The Sand Gulch Fire about 1 p.m. Friday, April 29, shortly before it "blew up." The smoke plume is already horizontal due to a strong southwest wind. |
The telephone call was from the sheriff's office. They could not locate our fire chief, so could I come to a meeting with the sheriff at an intersection on the state highway about a mile from the house.
"Why me?" I thought. I am still relatively new, just one of the worker bees. I reminded the caller that if our chief was not answering his cell phone, they should try the radio. He is, after all, a county Road & Bridge employee. (Both cell and radio reception can be spotty in the mountains, but the radio is more reliable.)
And then I re-donned my wildland-fire clothes and drove to the meeting.
The little intersection was getting that command-post look: two sheriff's cars, a couple of Forest Service trucks, a Bureau of Land Management law-enforcement ranger's SUV—people standing around with hand-held radios and clipboards.
The fancy new brush truck from Bigger Department Down the Road pulled up, and the driver conferred briefly with the man whom I took to be the FS incident commander. Where were our people? I walked to the sheriff's car and waited for him to finish his radio call.
The way it works, the sheriff's office, 25 miles away, controls the emergency siren in our community. So I urged him to activate it. This was not "our" fire, it was clearly the feds' fire, but our firefighters needed notification.
The editor of our weekly newspaper and his teenaged son drove up, and they started chatting and snapping photos. People were starting to use the E-word: evacuation.
We Really Need a Checklist, We Later Thought
Back home, M. was thinking evacuation too. Ash was falling from the sky, but no embers, luckily.
Our packing was haphazard. We got the computers, checkbooks, and our passports. (Were we fleeing to Canada?) I threw in the other clothes that I had worn that day and some clean underwear and socks. M. grabbed some still-unworn strappy, sequined sandals that she had bought largely in celebration of a decision by the county commissioners down in Puebl0 (that will be another blogging topic).
The dogs and their food. Some crackers and peanut butter. One favorite revolver. Some bottled water. I realized later that not only had I left my good camera outfit behind, but I hadn't brought anything to read!
We got extra sleeping bags to supplement the bedding in the pop-up camping trailer.
We were a lot less organized than the last time we evacuated, but we had several hours to load up that time—and still did not know just how to do it. (Do you pack for just a few days or for the rest of your life?)

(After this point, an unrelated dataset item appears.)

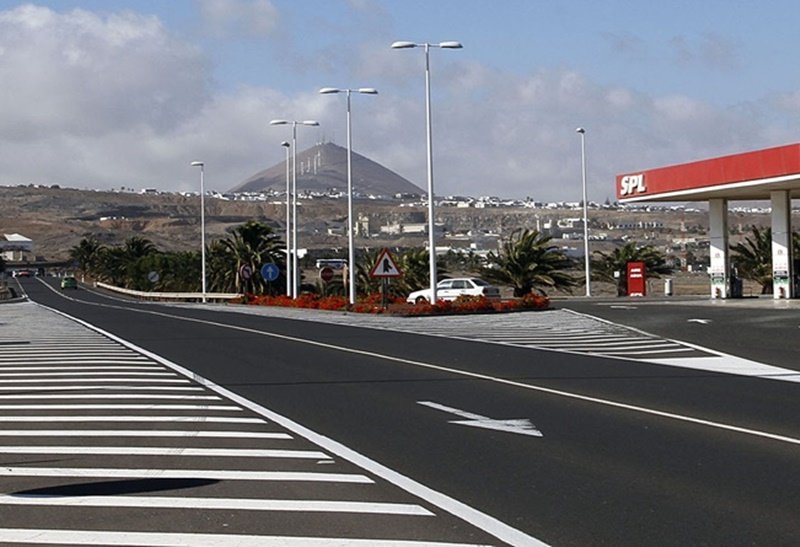 Actual carretera LZ-40, de dos carriles, que une Puerto del Carmen con las cercanías del cruce de acceso al Aeropuerto.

I pulled her Jeep Wrangler out of the garage and hooked the Jeep Liberty to the trailer. Its tires were low after sitting all winter. Too bad. This would be a short trip—just 3.5 miles to the fire station.
And then the house:
- Blinds drawn, windows closed, interior doors closed. Front door unlocked.
- Ladder propped against the roof.
- Porch lights on.
- Propane tank turned off.
- Hose and sprinkler positioned on the side closest to the trees, ready for use.
- Final quick blessing.
I met the sheriff again where our driveway comes out on the county road. His deputies and some Forest Service people were there, sizing up the situation, getting ready to go door-to-door.
By the time I reached the state highway, there were two of my department's three pieces of apparatus—our brush truck and the water tender. We were in the show.
The wind was still blowing hard.
2 comments:
All of our prayers to you now, and for a speedy containment to your fire, Clif.
I think we can call it "contained" now, even though the official word is "50-percent contained." Close to a hundred federal firefighters are still on it as of Monday, but we volunteers are done with it--we hope.